# Dear Playstation Network Customer,



## Bacon Boy (Apr 27, 2011)

Sony Email said:
			
		

> ===================================
> 
> PlayStation(R)Network
> 
> ...



Great...


----------



## Jas0n (Apr 27, 2011)

Sony's failing.


----------



## Dimitri Petrenko (Apr 27, 2011)

Im not even joking im actually gonna buy a xbox


----------



## JasonBurrows (Apr 27, 2011)

Neo Bacon Prototype said:


> Great...


 
Has this happened in both USA and the UK?
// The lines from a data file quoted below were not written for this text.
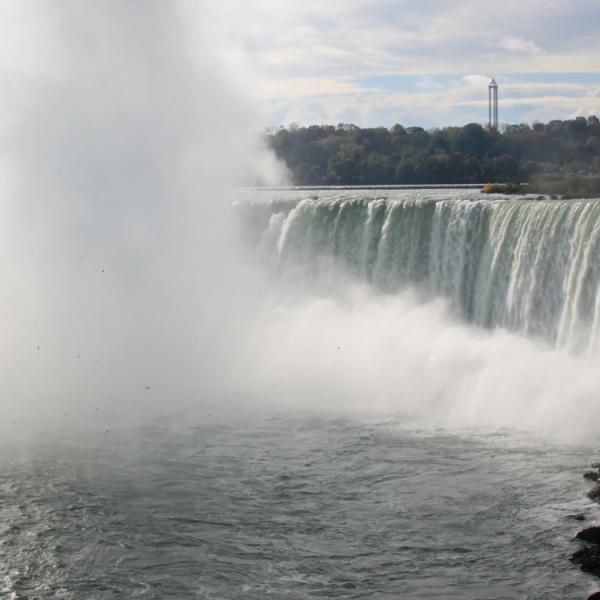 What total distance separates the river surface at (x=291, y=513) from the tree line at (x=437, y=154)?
31463 mm

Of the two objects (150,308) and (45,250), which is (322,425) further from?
(45,250)

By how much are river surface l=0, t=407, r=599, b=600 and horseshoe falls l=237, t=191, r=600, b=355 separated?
16.8ft

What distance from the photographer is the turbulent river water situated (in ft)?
39.4

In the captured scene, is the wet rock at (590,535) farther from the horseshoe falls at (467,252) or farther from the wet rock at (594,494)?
the horseshoe falls at (467,252)

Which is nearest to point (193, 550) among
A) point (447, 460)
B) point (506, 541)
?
point (506, 541)

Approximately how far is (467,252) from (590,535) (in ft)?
40.6

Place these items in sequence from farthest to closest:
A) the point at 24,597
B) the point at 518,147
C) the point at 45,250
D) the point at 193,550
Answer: the point at 518,147, the point at 45,250, the point at 193,550, the point at 24,597

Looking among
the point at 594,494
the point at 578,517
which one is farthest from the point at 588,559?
the point at 594,494

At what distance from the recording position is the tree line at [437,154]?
49812 mm

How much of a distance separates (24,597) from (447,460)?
711 cm

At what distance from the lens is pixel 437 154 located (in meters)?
52.6

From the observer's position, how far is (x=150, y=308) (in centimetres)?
2670

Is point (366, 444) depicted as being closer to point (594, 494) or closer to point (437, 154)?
point (594, 494)

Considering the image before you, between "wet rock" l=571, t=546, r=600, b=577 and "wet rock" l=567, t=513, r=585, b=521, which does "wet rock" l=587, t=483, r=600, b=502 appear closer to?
"wet rock" l=567, t=513, r=585, b=521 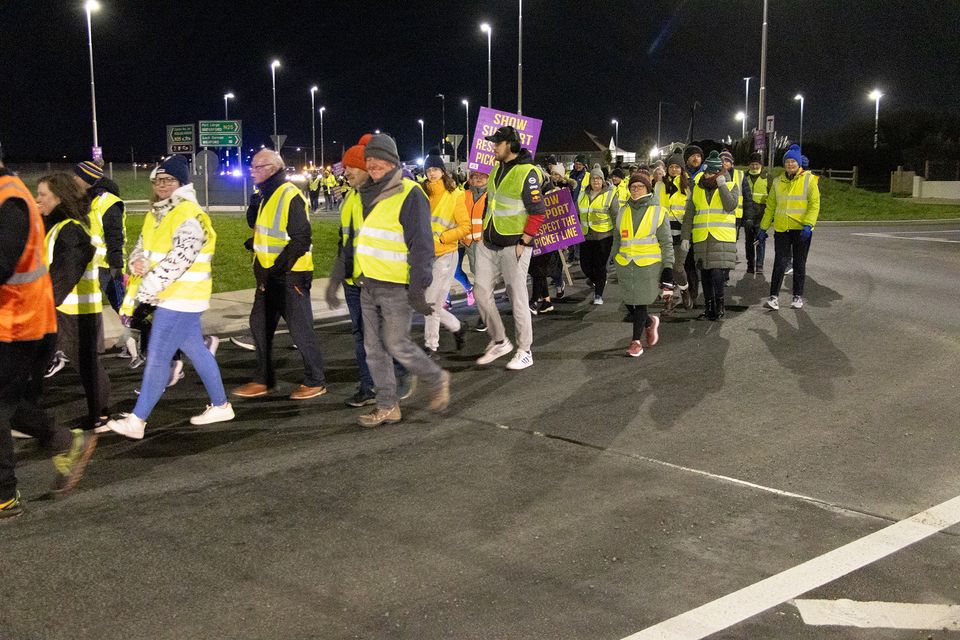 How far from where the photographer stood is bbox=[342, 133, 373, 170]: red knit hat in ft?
21.3

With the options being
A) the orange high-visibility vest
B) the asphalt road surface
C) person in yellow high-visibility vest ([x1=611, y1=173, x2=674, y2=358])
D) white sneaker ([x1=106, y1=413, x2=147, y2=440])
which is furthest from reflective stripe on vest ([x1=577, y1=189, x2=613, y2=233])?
the orange high-visibility vest

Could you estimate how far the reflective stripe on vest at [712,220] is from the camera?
10.4 m

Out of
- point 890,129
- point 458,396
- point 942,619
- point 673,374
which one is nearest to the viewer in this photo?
point 942,619

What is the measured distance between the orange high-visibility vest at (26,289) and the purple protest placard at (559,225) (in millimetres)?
6660

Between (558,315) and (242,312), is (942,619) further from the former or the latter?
(242,312)

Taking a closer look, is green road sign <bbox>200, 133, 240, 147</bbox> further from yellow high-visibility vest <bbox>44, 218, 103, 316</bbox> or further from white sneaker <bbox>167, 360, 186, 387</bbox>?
yellow high-visibility vest <bbox>44, 218, 103, 316</bbox>

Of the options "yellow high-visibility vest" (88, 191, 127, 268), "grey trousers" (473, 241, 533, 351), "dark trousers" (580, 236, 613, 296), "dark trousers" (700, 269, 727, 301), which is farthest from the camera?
"dark trousers" (580, 236, 613, 296)

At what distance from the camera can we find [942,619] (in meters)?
3.70

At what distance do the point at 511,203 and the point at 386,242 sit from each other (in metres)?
2.15

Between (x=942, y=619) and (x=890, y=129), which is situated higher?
(x=890, y=129)

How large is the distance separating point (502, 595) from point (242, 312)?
858 centimetres

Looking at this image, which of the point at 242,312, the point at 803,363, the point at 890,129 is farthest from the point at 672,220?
the point at 890,129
I've just recieved the email from SCEE a few moments ago.


----------



## Psychonaut (Apr 27, 2011)

LOL
CREDIT CARD NUMBERS IN A SYSTEM
LOL


----------



## Jas0n (Apr 27, 2011)




----------



## Fillfall (Apr 27, 2011)

Stupid hackers. Now I have to change that password again.


----------



## Jas0n (Apr 27, 2011)

Fillfall said:


> Stupid hackers. Now I have to change that password again.


 
And your address, email address and credit card info.


----------



## Trent the Paladin (Apr 27, 2011)

Psychonaut said:


> LOL
> CREDIT CARD NUMBERS IN A SYSTEM
> LOL


 ^^^^

I'm good. Just need to change email and password and I'll be sent. Address is a PO Box so unless they want to stalk me, tough luck.


----------



## LaserGirlFetch (Apr 27, 2011)

I'll have to change my email and password as soon as I can. The address I had saved under my account is an address I have since moved from, so if anyone wants to stalk me, they can just stalk and empty house which is going for sale. 

Funny I never received an email about this from Sony, though.


----------



## Psychonaut (Apr 28, 2011)

in reality though, unless they want to sell mass amounts of info, or you're one of the handful (lets say 1,000 out of however many customers own a ps3 and use psn) of people who the hackers choose to mess with.. you're safe, unless you input your CC info.  i guess.

i mean, what are they going to do with hundreds of thousands of profiles?  they can't realistically use all of them, especially since people will be changing their dox soon enough..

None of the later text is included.